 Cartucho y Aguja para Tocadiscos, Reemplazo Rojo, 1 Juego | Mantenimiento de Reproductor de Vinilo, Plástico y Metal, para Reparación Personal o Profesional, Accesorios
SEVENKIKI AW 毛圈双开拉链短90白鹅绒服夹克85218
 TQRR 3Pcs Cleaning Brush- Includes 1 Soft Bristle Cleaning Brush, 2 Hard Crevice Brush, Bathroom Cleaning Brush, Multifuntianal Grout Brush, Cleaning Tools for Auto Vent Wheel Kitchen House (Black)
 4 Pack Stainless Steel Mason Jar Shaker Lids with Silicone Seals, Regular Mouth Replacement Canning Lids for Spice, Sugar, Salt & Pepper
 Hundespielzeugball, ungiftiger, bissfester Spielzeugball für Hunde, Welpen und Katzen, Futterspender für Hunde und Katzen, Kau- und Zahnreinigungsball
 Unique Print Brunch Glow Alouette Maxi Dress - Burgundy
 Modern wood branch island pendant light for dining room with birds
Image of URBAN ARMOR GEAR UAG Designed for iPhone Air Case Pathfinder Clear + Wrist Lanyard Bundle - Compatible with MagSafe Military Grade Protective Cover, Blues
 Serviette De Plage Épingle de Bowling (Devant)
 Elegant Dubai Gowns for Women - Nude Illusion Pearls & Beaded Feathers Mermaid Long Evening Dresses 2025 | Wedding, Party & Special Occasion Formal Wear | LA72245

━━━

:: WHAT TO DO ::
Your answer should be one number, the count of lines in the entries holding the string "with".

:: TASK ANSWER ::
3